### Data shown
==*==

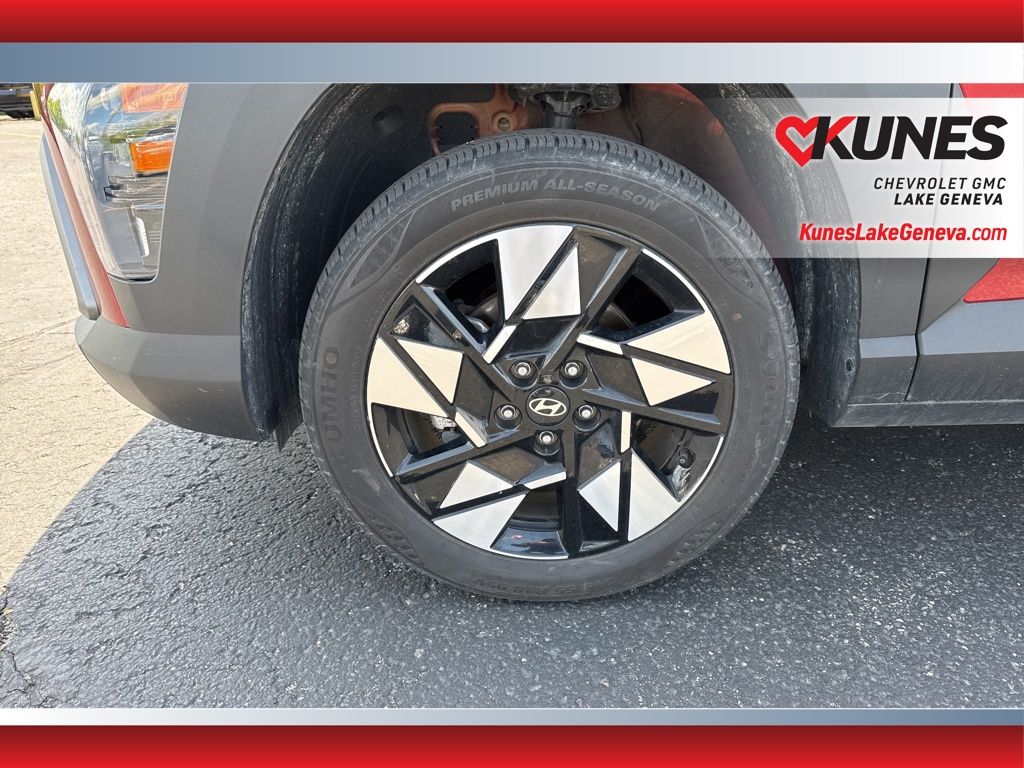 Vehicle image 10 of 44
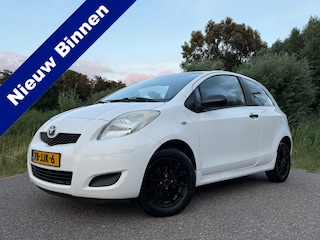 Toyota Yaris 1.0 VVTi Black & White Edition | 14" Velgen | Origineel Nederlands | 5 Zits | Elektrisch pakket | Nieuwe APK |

==*==

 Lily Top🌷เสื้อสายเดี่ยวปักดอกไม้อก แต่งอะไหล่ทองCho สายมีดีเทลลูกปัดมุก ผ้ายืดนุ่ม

==*==

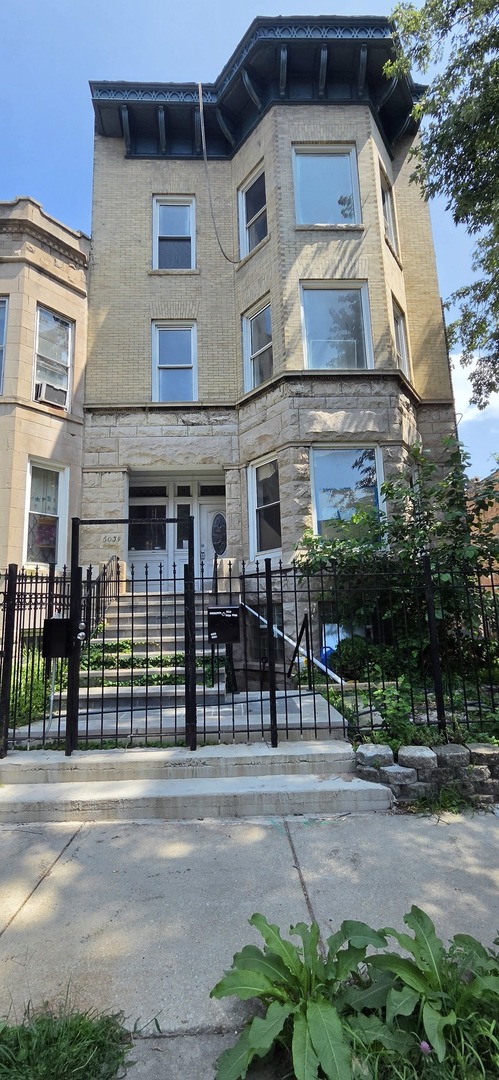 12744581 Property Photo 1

==*==

### About this task
Please output the lines above beginning at the line with "Vehicle image 10 of 44" and ending after the line with "Toyota Yaris 1.0", precisely as written and with no pictures.

### Response below
 Vehicle image 10 of 44
 Toyota Yaris 1.0 VVTi Black & White Edition | 14" Velgen | Origineel Nederlands | 5 Zits | Elektrisch pakket | Nieuwe APK |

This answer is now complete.